Profiling is an essential technique for assessing software application performance. It provides detailed insights into various aspects, such as function call frequency, routine execution times, and the duration spent in different code segments. This information helps identify performance bottlenecks and inefficient sections, enabling effective improvements.

In this guide, we will focus on measuring the relationship between performance and thermal metrics. This approach helps us understand the impact of system load on thermal performance, which is crucial for developing reliable products. By understanding how thermal performance changes over time, we can make informed decisions to improve system reliability.

There are numerous profiling tools available, including summary and sampling-based tools like perf. Some tools also provide a UI for visualization. However, for this guide, we will use Python scripts to quickly achieve thermal logging and gain insights into thermal changes over time.

The objective is to log all critical data into a single CSV file, which can later be processed using Python’s matplotlib. The two provided Python scripts are minimal and require few tools or dependencies.

The Logger

This script records temperature and CPU frequency changes every second. Note that the specific thermal nodes and CPU frequency nodes may vary depending on your hardware and system drivers.

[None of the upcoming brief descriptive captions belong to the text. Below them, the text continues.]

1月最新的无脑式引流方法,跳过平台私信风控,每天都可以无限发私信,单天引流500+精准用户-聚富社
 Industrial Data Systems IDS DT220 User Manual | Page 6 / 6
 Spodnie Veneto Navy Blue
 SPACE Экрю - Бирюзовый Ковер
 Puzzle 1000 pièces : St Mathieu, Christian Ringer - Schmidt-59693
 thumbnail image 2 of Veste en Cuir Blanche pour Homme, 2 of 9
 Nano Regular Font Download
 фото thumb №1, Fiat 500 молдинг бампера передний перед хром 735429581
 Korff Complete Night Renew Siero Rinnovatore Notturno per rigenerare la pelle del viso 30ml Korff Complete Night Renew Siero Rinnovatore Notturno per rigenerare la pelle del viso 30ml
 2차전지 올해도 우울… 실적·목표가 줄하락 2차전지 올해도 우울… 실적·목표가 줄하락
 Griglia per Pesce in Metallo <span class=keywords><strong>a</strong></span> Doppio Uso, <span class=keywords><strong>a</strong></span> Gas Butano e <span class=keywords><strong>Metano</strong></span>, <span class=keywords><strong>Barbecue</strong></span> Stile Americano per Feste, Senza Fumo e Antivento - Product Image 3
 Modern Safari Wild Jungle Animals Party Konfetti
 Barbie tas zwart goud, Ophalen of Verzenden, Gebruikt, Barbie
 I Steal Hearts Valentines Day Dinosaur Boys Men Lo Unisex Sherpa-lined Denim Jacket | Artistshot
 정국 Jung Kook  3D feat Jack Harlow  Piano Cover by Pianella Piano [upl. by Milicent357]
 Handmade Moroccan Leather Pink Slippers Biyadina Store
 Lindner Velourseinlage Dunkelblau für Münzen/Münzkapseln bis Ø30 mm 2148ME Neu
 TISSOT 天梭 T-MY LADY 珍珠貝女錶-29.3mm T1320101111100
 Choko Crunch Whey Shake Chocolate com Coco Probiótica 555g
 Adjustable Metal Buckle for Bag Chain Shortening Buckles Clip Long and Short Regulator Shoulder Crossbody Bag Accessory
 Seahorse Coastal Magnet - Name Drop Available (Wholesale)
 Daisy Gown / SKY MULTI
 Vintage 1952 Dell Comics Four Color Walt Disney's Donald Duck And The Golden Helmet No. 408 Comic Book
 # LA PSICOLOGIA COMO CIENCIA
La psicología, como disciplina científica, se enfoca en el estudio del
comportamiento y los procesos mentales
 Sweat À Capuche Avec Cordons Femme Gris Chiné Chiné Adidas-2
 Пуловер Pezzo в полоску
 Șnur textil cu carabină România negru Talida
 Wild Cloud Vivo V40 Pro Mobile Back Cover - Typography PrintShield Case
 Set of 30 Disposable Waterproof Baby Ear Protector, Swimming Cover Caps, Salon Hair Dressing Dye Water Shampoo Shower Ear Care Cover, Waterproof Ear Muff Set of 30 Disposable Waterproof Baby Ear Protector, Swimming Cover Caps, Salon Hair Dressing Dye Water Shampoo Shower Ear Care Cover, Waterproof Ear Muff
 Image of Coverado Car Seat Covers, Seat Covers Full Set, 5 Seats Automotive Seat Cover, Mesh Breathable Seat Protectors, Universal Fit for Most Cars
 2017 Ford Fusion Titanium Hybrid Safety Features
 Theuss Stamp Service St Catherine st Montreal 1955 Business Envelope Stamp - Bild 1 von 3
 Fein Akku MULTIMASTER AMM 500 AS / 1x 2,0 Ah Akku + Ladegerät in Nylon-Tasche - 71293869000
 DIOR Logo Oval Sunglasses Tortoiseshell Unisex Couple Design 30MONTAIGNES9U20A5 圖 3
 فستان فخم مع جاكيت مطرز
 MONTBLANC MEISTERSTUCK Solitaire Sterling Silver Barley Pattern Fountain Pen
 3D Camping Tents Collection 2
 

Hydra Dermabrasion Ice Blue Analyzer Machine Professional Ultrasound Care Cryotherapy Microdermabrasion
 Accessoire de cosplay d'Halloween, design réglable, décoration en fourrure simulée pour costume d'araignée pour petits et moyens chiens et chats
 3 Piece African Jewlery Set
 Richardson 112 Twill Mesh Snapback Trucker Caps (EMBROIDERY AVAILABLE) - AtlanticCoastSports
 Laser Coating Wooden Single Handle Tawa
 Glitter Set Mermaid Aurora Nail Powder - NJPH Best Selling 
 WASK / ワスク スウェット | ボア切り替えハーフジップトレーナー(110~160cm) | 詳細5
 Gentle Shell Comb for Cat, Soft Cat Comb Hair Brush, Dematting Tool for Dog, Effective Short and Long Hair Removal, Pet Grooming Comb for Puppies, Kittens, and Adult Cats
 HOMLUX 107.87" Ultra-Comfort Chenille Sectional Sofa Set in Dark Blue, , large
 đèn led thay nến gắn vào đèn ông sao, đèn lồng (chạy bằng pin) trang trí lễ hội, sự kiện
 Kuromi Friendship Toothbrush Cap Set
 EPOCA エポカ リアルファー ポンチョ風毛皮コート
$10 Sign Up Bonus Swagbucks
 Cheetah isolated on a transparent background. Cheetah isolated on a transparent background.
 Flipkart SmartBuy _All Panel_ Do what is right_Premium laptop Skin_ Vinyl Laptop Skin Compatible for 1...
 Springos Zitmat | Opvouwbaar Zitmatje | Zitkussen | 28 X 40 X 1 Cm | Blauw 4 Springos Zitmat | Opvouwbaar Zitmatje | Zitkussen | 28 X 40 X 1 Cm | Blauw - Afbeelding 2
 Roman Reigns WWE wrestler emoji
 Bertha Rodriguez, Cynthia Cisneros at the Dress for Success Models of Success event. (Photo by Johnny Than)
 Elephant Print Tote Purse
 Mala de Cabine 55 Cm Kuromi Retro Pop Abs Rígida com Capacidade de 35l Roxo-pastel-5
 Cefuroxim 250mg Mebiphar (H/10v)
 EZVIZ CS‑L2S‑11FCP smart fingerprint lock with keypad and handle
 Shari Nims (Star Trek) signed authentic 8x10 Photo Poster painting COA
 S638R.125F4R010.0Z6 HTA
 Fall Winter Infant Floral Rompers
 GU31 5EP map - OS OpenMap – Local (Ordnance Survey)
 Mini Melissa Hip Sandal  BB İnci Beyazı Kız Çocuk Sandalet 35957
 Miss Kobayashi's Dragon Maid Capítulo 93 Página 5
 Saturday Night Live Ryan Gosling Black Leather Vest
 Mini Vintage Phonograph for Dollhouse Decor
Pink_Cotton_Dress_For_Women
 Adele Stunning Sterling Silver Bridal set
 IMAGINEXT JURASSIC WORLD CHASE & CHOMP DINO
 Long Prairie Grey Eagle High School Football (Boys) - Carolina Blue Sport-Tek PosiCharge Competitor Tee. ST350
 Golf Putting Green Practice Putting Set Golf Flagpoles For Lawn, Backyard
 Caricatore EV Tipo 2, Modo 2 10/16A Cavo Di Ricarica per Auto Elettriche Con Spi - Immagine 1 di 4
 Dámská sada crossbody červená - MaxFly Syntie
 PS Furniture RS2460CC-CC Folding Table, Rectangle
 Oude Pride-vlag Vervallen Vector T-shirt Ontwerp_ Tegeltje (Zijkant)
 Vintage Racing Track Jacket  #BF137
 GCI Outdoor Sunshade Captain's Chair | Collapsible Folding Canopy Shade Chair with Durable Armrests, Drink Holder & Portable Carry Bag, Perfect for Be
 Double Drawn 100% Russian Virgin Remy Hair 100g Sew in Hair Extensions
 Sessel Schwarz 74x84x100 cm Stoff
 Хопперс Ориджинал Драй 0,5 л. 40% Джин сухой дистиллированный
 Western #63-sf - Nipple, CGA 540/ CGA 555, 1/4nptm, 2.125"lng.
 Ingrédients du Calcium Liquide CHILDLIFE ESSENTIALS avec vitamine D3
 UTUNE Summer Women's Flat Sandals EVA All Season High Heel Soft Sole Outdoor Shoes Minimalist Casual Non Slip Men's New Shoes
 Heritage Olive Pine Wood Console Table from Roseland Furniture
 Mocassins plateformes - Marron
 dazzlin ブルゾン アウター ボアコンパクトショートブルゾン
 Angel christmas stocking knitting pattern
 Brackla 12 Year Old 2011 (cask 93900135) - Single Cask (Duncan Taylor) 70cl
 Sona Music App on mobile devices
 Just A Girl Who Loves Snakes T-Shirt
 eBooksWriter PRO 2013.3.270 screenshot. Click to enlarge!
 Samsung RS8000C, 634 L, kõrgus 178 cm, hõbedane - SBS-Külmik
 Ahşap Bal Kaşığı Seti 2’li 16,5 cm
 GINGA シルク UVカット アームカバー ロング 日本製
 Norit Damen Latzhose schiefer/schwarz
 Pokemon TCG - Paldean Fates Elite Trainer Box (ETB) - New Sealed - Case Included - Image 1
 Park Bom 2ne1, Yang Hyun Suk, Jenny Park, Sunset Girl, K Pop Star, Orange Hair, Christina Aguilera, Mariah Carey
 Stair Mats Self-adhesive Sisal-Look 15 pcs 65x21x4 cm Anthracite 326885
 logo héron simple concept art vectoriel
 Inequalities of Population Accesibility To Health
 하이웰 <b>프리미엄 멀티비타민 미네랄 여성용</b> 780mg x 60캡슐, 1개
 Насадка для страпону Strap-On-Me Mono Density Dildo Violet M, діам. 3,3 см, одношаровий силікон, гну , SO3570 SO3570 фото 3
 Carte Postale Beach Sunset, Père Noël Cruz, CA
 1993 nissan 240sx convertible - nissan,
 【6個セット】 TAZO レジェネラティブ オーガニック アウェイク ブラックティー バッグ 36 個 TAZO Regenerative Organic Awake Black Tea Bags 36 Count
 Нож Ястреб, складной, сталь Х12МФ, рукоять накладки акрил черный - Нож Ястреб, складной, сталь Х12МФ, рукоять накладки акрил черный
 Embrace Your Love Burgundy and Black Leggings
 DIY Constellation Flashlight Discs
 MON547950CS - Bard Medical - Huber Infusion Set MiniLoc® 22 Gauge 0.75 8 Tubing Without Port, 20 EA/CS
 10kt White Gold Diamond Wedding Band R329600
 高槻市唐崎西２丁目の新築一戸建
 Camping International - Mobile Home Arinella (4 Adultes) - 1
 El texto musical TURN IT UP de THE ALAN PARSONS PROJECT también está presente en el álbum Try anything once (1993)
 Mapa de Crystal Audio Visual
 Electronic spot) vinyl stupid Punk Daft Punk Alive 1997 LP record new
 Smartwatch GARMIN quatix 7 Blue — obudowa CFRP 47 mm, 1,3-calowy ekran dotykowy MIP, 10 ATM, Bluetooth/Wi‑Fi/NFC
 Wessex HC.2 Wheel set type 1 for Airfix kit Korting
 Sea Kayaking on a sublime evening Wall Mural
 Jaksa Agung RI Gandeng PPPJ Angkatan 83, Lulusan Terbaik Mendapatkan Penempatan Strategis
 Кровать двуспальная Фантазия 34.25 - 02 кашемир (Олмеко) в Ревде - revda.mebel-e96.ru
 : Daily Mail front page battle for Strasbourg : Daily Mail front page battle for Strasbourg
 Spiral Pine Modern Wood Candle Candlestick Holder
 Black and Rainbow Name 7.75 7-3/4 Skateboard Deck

Ensure you adjust the script accordingly to match your system’s configuration.

Usage

Run the following logger on your target machine:

python {path_to_script}/thermal_logger.py

It logs to the /tmp folder:

/tmp/temperature_curve{date_and_time}.csv

thermal_logger.py

#!/usr/bin/env python3
import os
import time

def get_cpu_usage():
        output = os.popen('top -bn1').read()
        cpu_line = [line for line in output.split('\n') if 'Cpu(s)' in line][0]
        cpu_usage = 100 - float(cpu_line.split()[7].strip('%id,'))
        return round(cpu_usage, 2)

def get_cpu_thermal(zone):
        thermal_file = f"/sys/class/thermal/thermal_zone{zone}/temp"
        with open(thermal_file) as file:
                thermal_temp = int(file.read().strip())
        return round(thermal_temp / 1000, 1)

def get_s1_cpu_frequency():
        with open("/sys/devices/system/cpu/cpu0/cpufreq/cpuinfo_cur_freq") as file:
                frequency = int(file.read().strip())
        return round(frequency / 1000000, 2)

def get_s2_cpu_frequency():
        with open("/sys/devices/system/cpu/cpu2/cpufreq/cpuinfo_cur_freq") as file:
                frequency = int(file.read().strip())
        return round(frequency / 1000000, 2)

def get_l1_cpu_frequency():
        with open("/sys/devices/system/cpu/cpu4/cpufreq/cpuinfo_cur_freq") as file:
                frequency = int(file.read().strip())
        return round(frequency / 1000000, 2)

def get_l2_cpu_frequency():
        with open("/sys/devices/system/cpu/cpu6/cpufreq/cpuinfo_cur_freq") as file:
                frequency = int(file.read().strip())
        return round(frequency / 1000000, 2)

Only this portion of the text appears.